So you want to know how to prepare for a marathon? What are some tips and techniques that you can do? Many people will tell you this is the most difficult thing to prepare for but will reassure you it’s actually not that hard. You could probably schedule an hour a day for two months straight just to get ready. However, if you’re like many people, there are many other things vying for your attention.
Running is a grueling sport that requires you to train specifically for the distance. That means you need to run long distances up to marathons. To train for a marathon, you have to run fast, hard, and long distances. However, when it comes to how to prepare for a marathon, you don’t want to rest on your laurels. You have to continue to train to improve your chances of winning the race.
Do long runs and speed workouts
As far as how to prepare for a half marathon, you’ll still be running long runs and speed workouts in the most comfortable running shoes. The long runs and speed workouts will prepare you for the race. You may also begin to develop a plan for how to pace yourself during the race. This will be different than how you pace yourself during a marathon race.
In addition to long training runs, there are also marathon speed sessions you can do to prepare for the big race day. These sessions are usually two to three hours long and you’ll use interval sessions on race day to build up your stamina. You’ll want to start out by jogging at a moderate pace, then build your speed as you continue to run. Then on race day, you’ll do more interval running.
Find a good trainer
For your first marathon Monday, there are many options available to you. The first thing you need to do is find a good trainer. Find someone who has experience with your type of course, whether it’s a marathon, half-marathon, or road race. Make sure he or she is qualified to give you feedback about your training and how you feel.

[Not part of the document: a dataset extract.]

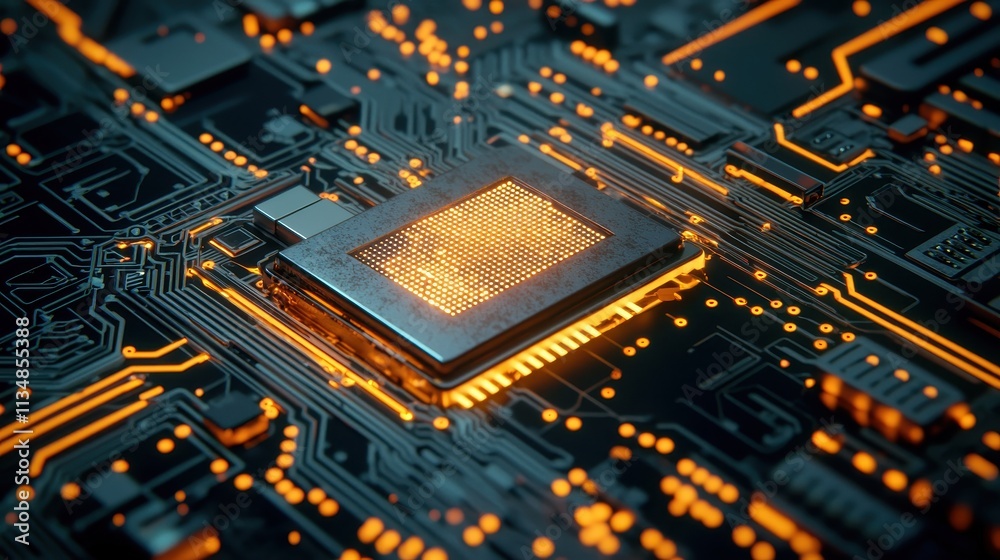 Poster a close-up view of a microprocessor on a circuit board with glowing connections, showcasing intricat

Start with a training plan
Once you find a qualified trainer, then the next step in how to prepare for a marathon is to plan out your long-run training. If your course is a marathon, this means you should plan to run more than two miles. But remember, half marathons are only half an hour, so you can get away with a longer run if you’re doing well in that race. A great distance race would be a marathon, trampoline, dirt bike, or even a skateboard cross race. For those who aren’t doing much else than a long run, start out easy and make your run harder as you go along. It’s better to get comfortable running on the harder course than doing a full-on marathon on a flat course!

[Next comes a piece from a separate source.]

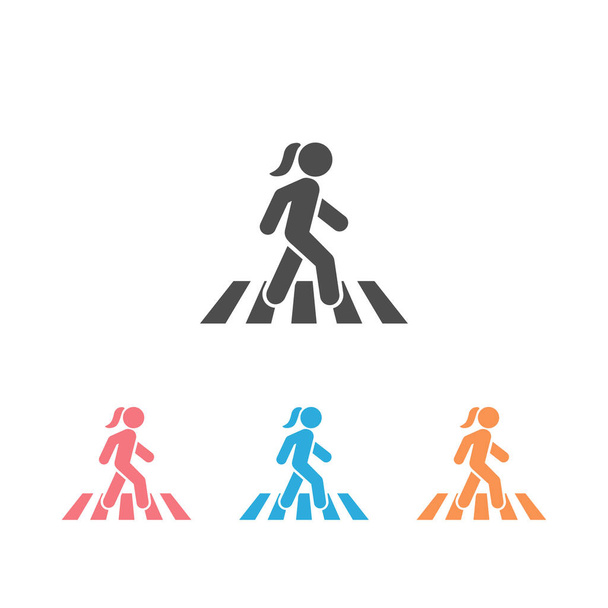 Caminhada ícone conjunto símbolo logotipo vetor modelo
 - Vetor, Imagem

When preparing for a half marathon, you’re going to start with a three-month running training plan. Half marathons are much different than a marathon in the way your training and racing program will work. Half marathons are designed for athletes who already have a good fitness and speed foundation. Your half marathon training plan will probably consist of five to six x-rays a week, one week of high intensity, two weeks of low intensity, and one week of easy.

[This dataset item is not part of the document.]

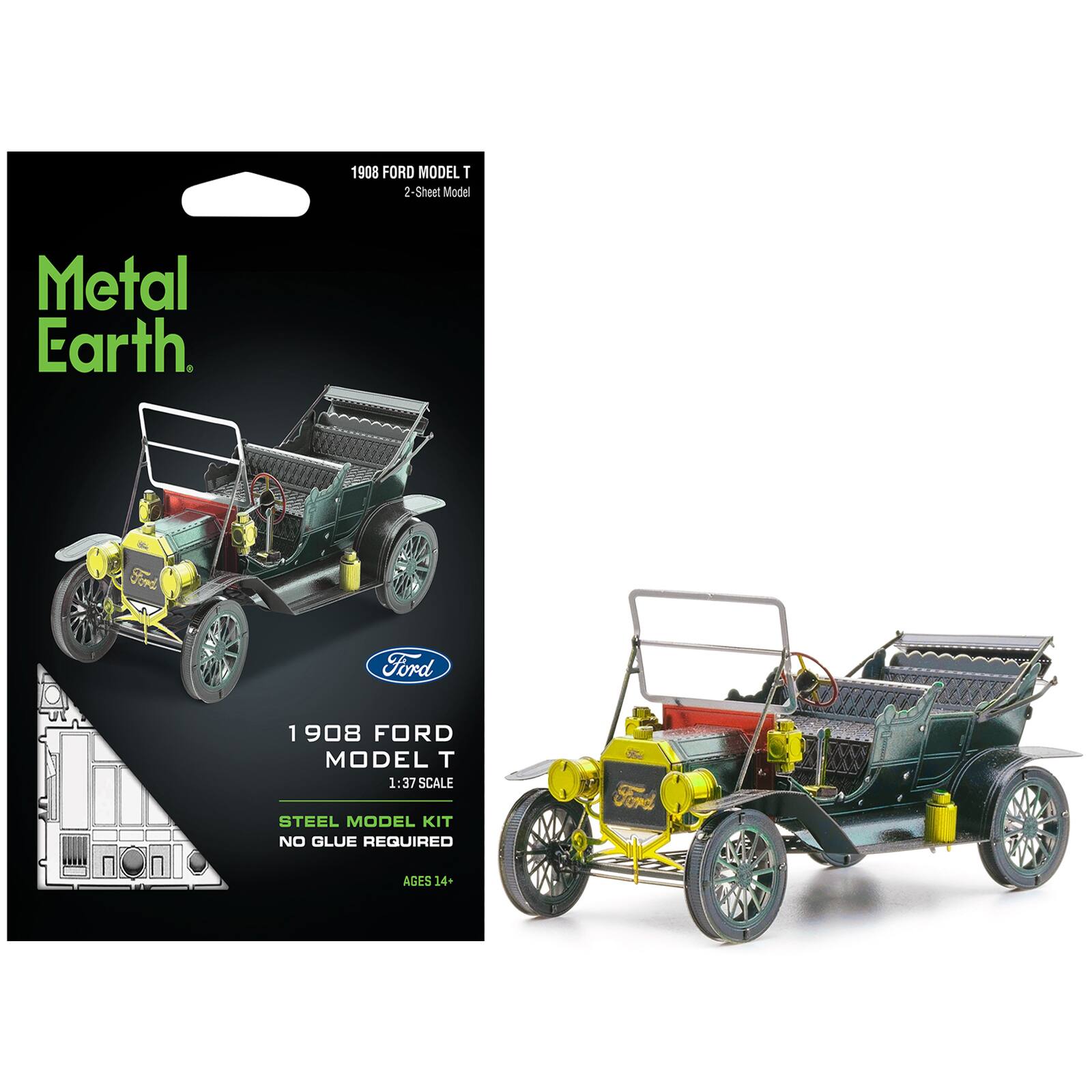 1908 FORD MODEL T 2-Sheet Model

It might sound hard to do long runs in a marathon, but it’s easier than you think. The hardest part is getting through them. As long as you’re pushing yourself, and as long as you’re breathing, you can handle any distance. Start out with short runs one day, then add more distance as you feel better and see how your body responds. And don’t forget to eat some fruit, nuts, and/or trail mixes before you run. They’ll help keep you hydrated and get some of the extra nutrients.